[Start of section]

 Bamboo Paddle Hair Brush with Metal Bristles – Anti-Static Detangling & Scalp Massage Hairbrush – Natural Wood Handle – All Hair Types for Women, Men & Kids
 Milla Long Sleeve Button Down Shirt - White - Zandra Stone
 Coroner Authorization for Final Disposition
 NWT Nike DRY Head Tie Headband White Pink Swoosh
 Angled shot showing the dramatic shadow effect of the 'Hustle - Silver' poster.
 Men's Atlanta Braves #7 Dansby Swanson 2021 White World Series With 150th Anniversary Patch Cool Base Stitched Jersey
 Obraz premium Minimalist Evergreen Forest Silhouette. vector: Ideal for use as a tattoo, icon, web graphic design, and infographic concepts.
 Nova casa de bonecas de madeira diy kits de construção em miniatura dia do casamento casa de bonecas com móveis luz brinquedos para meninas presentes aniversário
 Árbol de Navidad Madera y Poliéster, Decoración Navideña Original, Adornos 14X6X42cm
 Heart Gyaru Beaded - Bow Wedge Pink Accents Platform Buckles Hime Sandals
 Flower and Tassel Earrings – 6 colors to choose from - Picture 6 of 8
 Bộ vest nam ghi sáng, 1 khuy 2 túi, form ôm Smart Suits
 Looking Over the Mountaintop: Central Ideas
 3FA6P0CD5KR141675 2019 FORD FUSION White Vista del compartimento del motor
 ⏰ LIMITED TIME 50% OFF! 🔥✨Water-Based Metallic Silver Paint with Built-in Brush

[End of section]

ACTIVITY:
Set down exactly, and only, the lines from the one containing "Milla Long Sleeve" through the final line of the entries above.

REPLY:
 Milla Long Sleeve Button Down Shirt - White - Zandra Stone
 Coroner Authorization for Final Disposition
 NWT Nike DRY Head Tie Headband White Pink Swoosh
 Angled shot showing the dramatic shadow effect of the 'Hustle - Silver' poster.
 Men's Atlanta Braves #7 Dansby Swanson 2021 White World Series With 150th Anniversary Patch Cool Base Stitched Jersey
 Obraz premium Minimalist Evergreen Forest Silhouette. vector: Ideal for use as a tattoo, icon, web graphic design, and infographic concepts.
 Nova casa de bonecas de madeira diy kits de construção em miniatura dia do casamento casa de bonecas com móveis luz brinquedos para meninas presentes aniversário
 Árbol de Navidad Madera y Poliéster, Decoración Navideña Original, Adornos 14X6X42cm
 Heart Gyaru Beaded - Bow Wedge Pink Accents Platform Buckles Hime Sandals
 Flower and Tassel Earrings – 6 colors to choose from - Picture 6 of 8
 Bộ vest nam ghi sáng, 1 khuy 2 túi, form ôm Smart Suits
 Looking Over the Mountaintop: Central Ideas
 3FA6P0CD5KR141675 2019 FORD FUSION White Vista del compartimento del motor
 ⏰ LIMITED TIME 50% OFF! 🔥✨Water-Based Metallic Silver Paint with Built-in Brush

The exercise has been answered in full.